_Data in this exercise_.

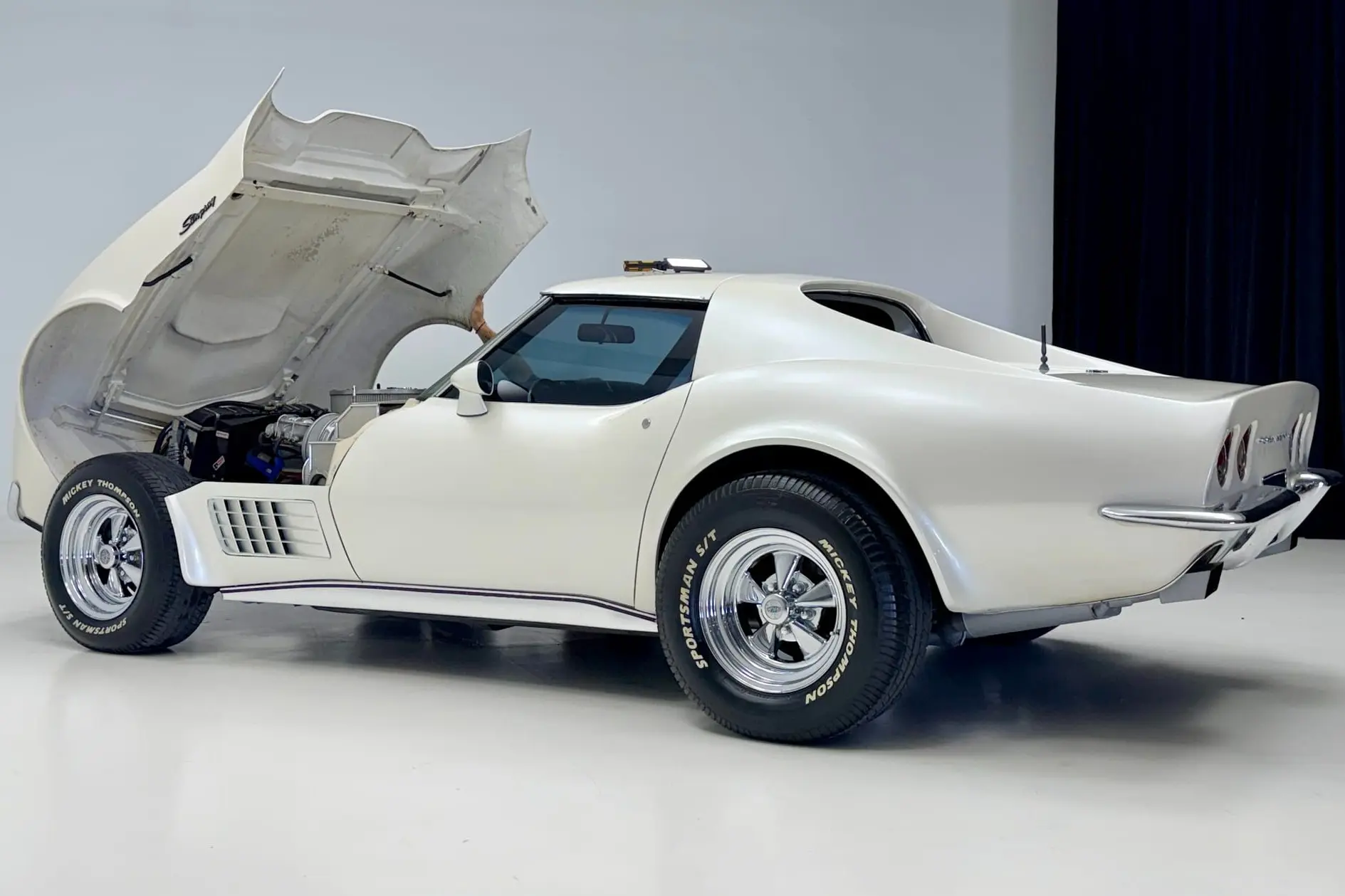 1971 Chevrolet Corvette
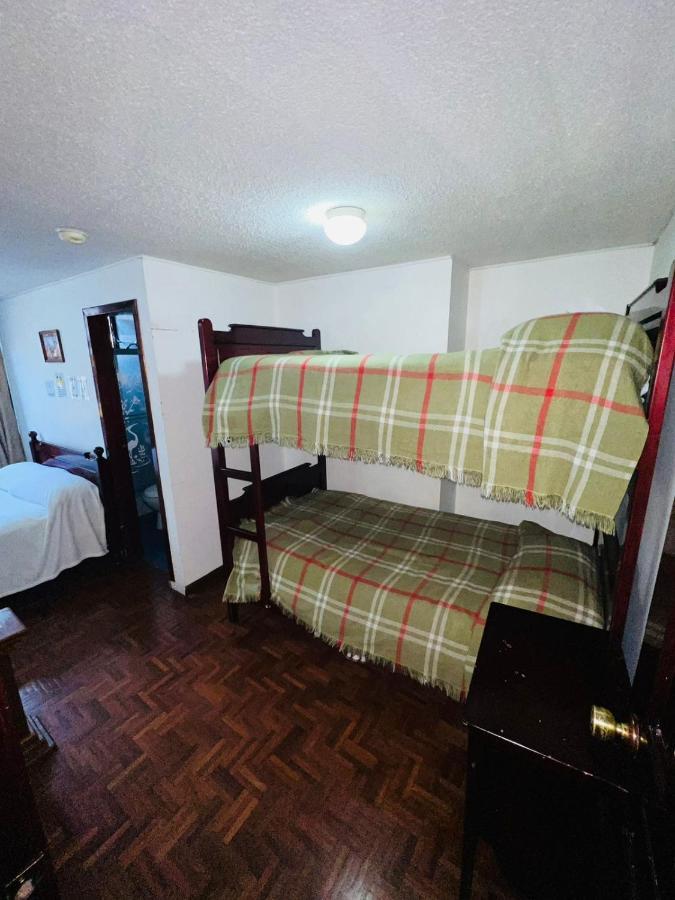 Hotel Estrellita Inn Alameda Quito Exterior foto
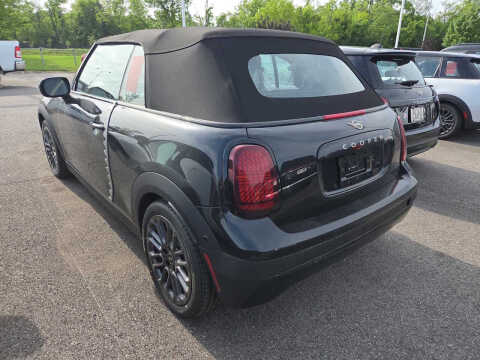 2026 MINI Convertible Cooper S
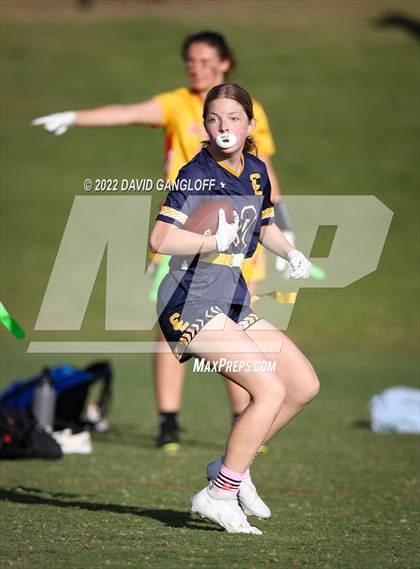 Thumbnail 1 in Crean Lutheran vs Woodbridge (OC Great Park) photogallery.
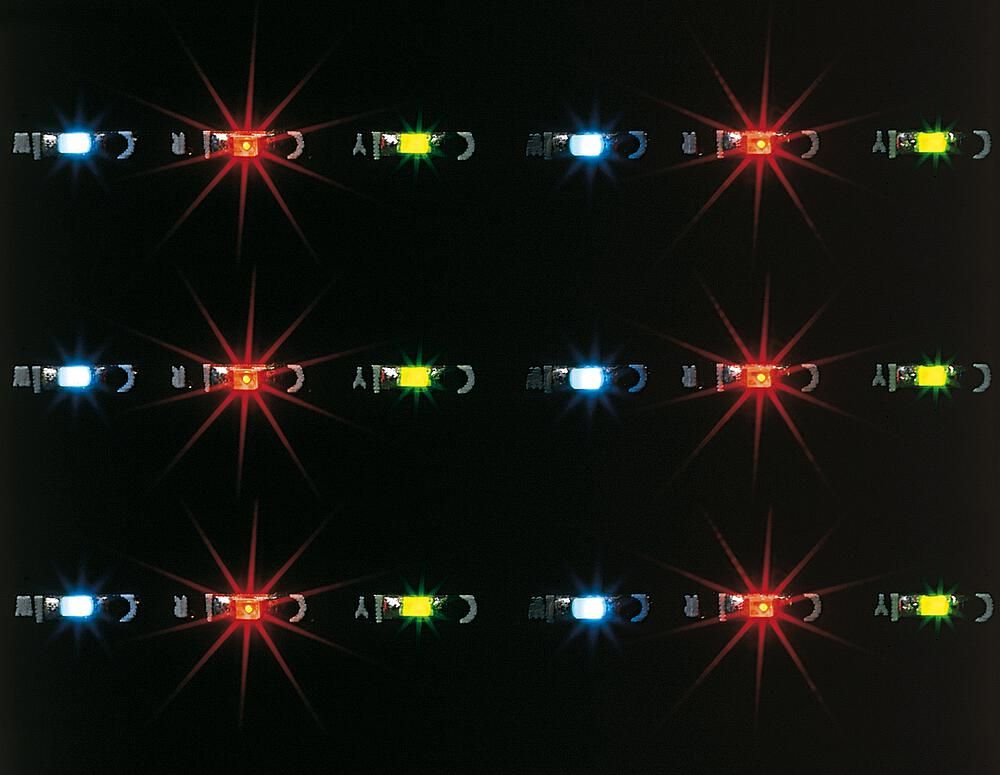 180649 Faller - LED-Lichterkette - allgemein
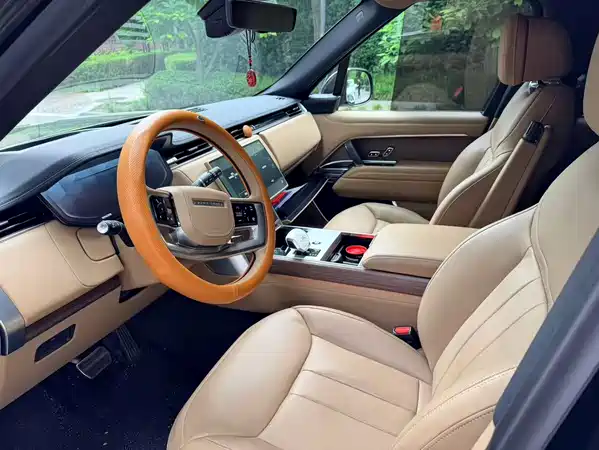 Land Rover Range Rover 2025
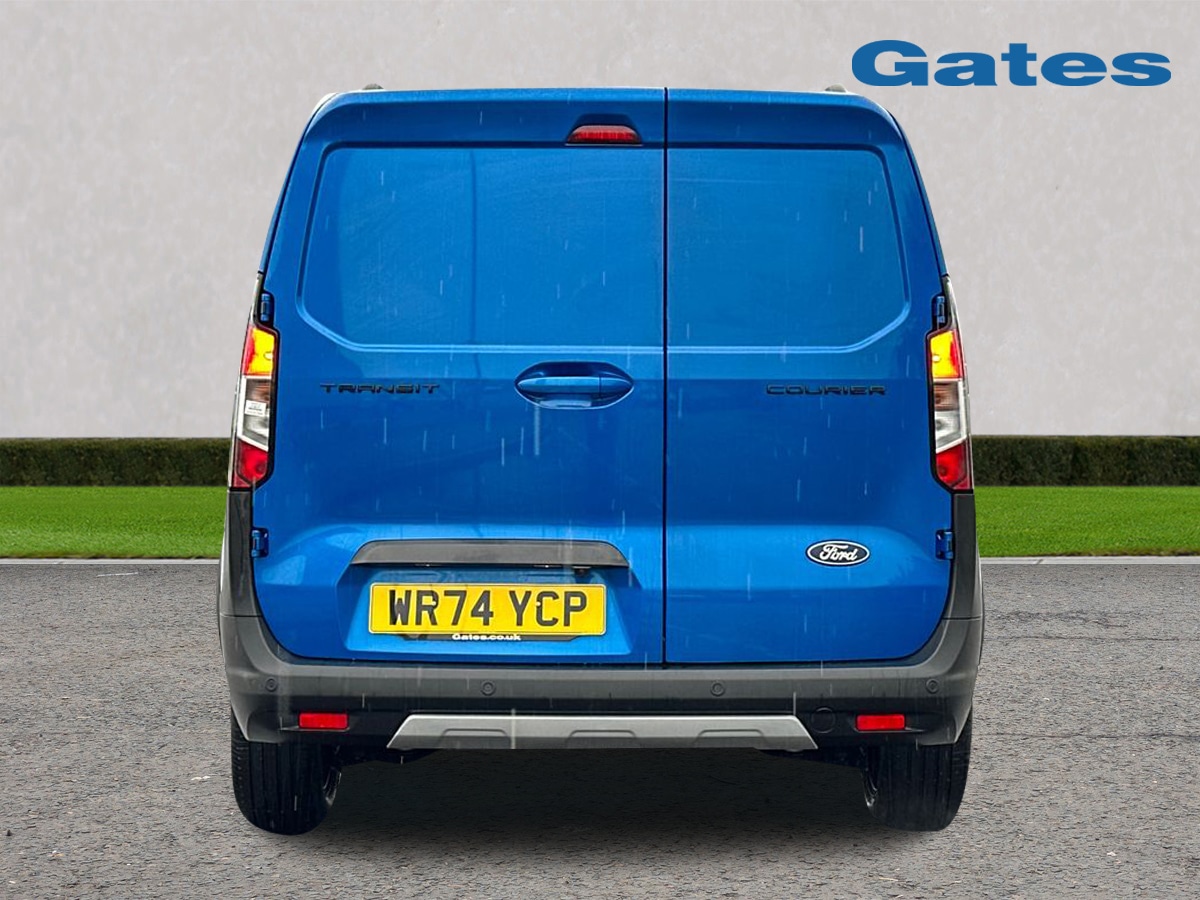 Used Ford Transit Courier 2024 for sale - 76523500: Photo 7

_Work order_.
Because the pictures are not wanted, retype only the text of every record, exactly as given.

_Answer for the task_.
 1971 Chevrolet Corvette
 Hotel Estrellita Inn Alameda Quito Exterior foto
 2026 MINI Convertible Cooper S
 Thumbnail 1 in Crean Lutheran vs Woodbridge (OC Great Park) photogallery.
 180649 Faller - LED-Lichterkette - allgemein
 Land Rover Range Rover 2025
 Used Ford Transit Courier 2024 for sale - 76523500: Photo 7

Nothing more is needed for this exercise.